___ Records shown ___
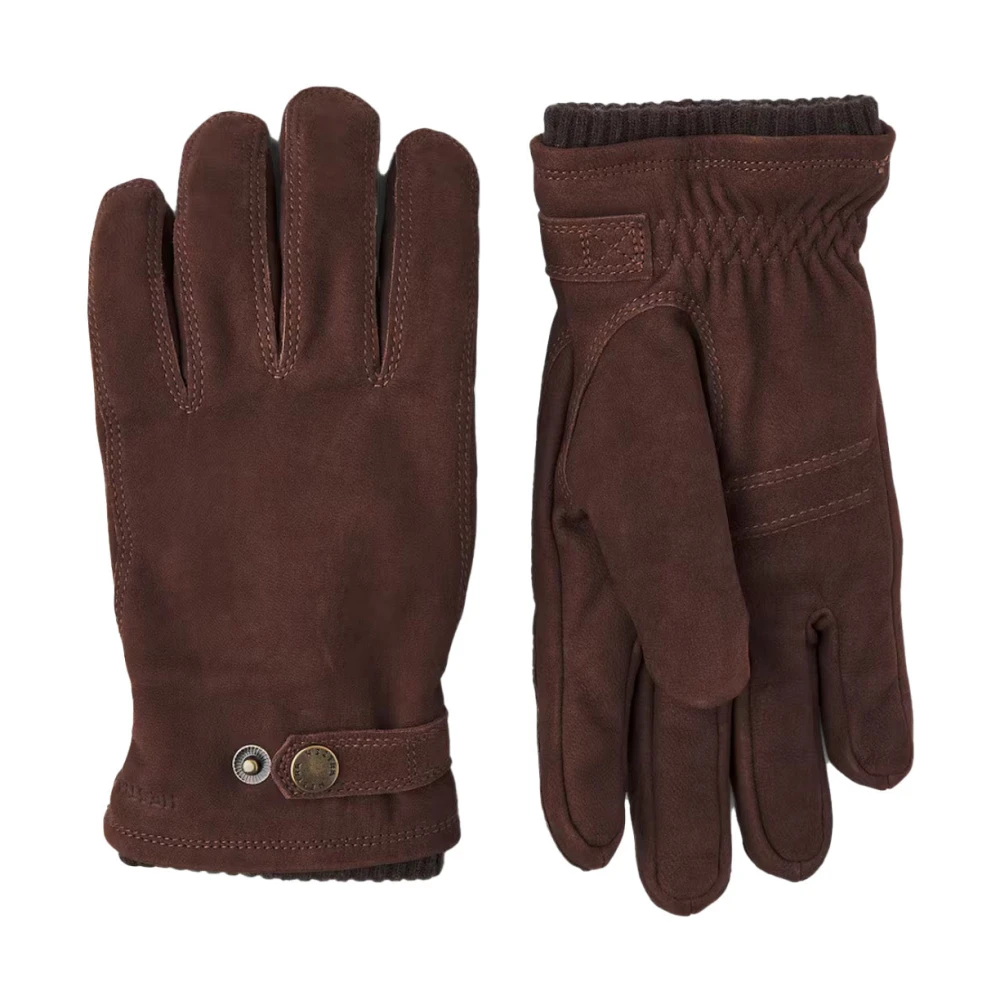 Hestra Klassieke Lederen Handschoenen met Primaloft Vulling Brown Heren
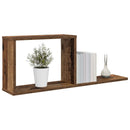 vidaXL Lebegő polcok 2 pcs Antik Fa 80 x 15 x 30 cm Szerelt Fa
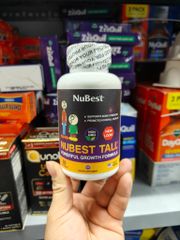 Viên uống hỗ trợ tăng chiều cao cho trẻ Nubest Tall 60 Capsules, sample New Look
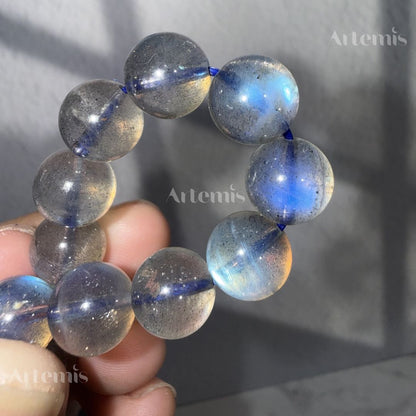 10mm+ 高冰透灰月光石 GM001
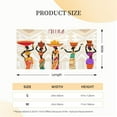 thumbnail image 5 of Salouo Black African Woman Pattern Holiday Banner Outside Party Decoration Banner (1PC) Festival Supplies Fit for Birthday Parties & Celebrations & Chrismas-Small, 5 of 8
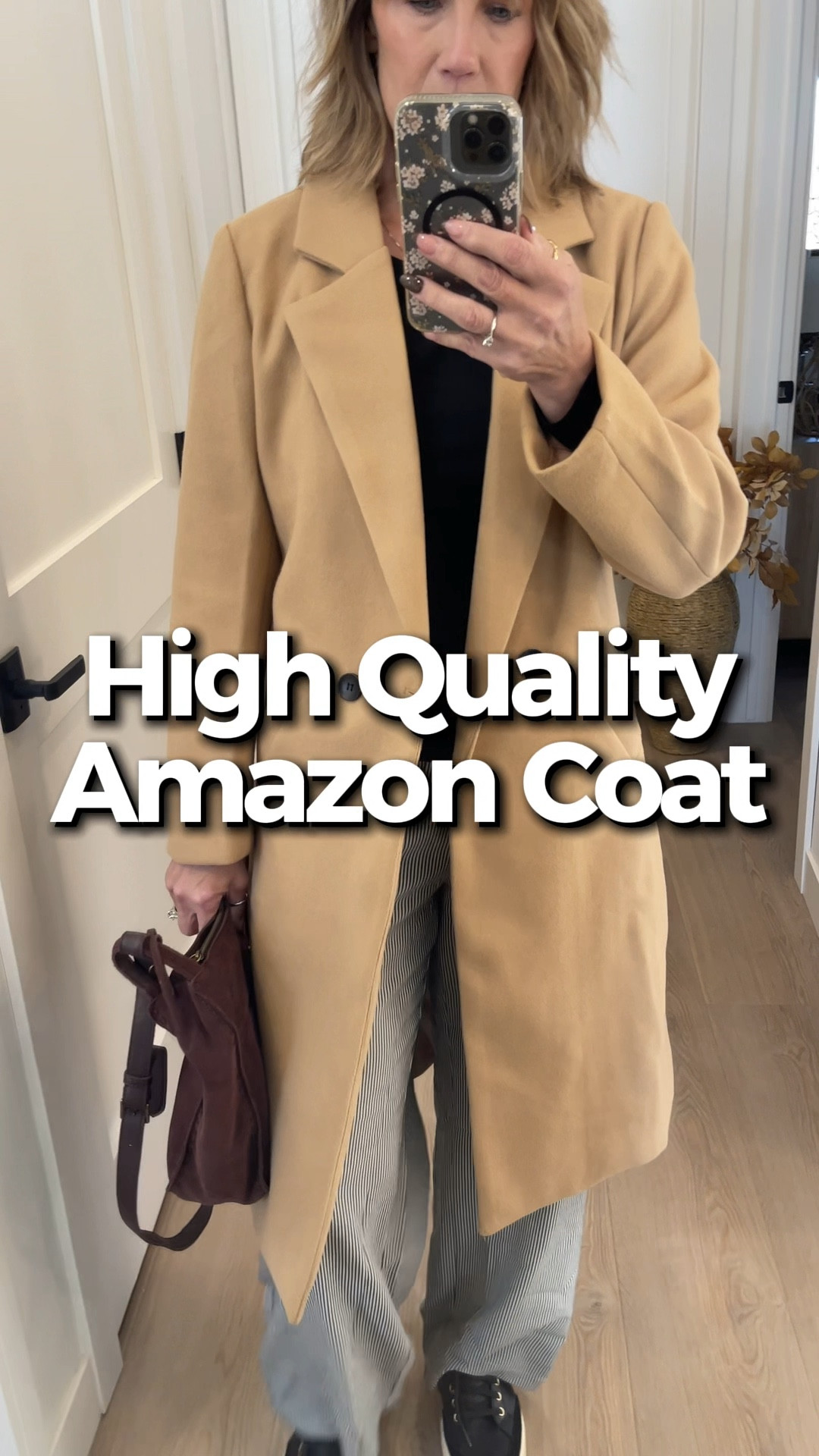 High Quality Pea Coat under $50! This dress coat is such a timeless style! It looks expensive, but is under $50! Comes in lots of colors, so you can switch it up without spending a lot. Pop it on over all your fall looks!
Coat - med TTS

@amazonfashion over40s style, over50 fashion, casual style, affordable looks, mom outfits, fall outfits, winter coat

#LTKFindsUnder50 #LTKOver40 #LTKSeasonal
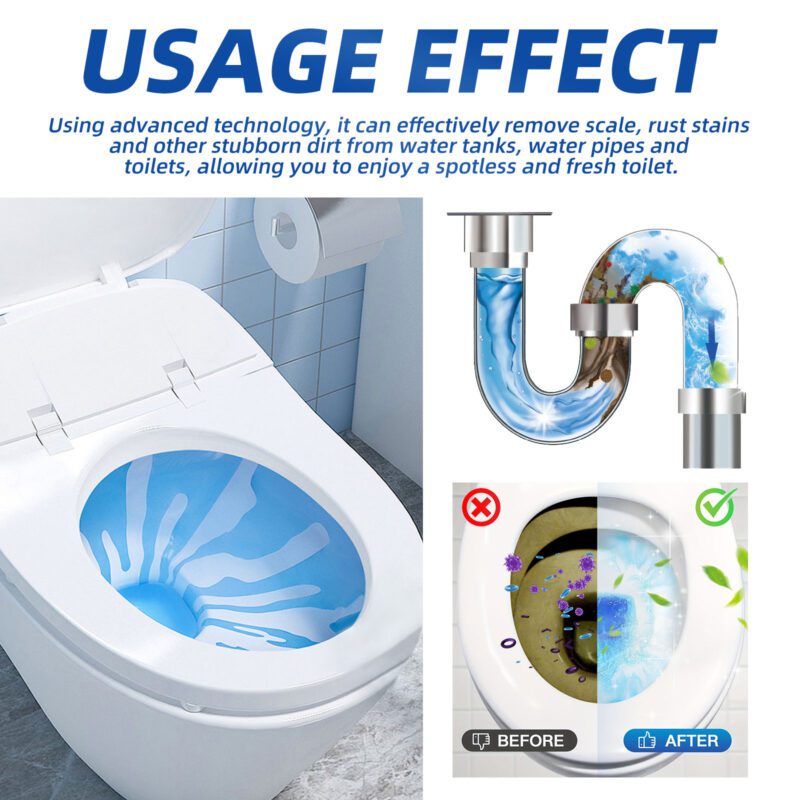 Jaysuing Toilet Bowl Cleaner: Household Descaling, Long-Lasting Deodorizer, Safe for Tanks - Image 3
___
Set down every record once more, word for word, without pictures.

 Hestra Klassieke Lederen Handschoenen met Primaloft Vulling Brown Heren
 vidaXL Lebegő polcok 2 pcs Antik Fa 80 x 15 x 30 cm Szerelt Fa
 Viên uống hỗ trợ tăng chiều cao cho trẻ Nubest Tall 60 Capsules, sample New Look
 10mm+ 高冰透灰月光石 GM001
 thumbnail image 5 of Salouo Black African Woman Pattern Holiday Banner Outside Party Decoration Banner (1PC) Festival Supplies Fit for Birthday Parties & Celebrations & Chrismas-Small, 5 of 8
 High Quality Pea Coat under $50! This dress coat is such a timeless style! It looks expensive, but is under $50! Comes in lots of colors, so you can switch it up without spending a lot. Pop it on over all your fall looks!
Coat - med TTS

@amazonfashion over40s style, over50 fashion, casual style, affordable looks, mom outfits, fall outfits, winter coat

#LTKFindsUnder50 #LTKOver40 #LTKSeasonal
 Jaysuing Toilet Bowl Cleaner: Household Descaling, Long-Lasting Deodorizer, Safe for Tanks - Image 3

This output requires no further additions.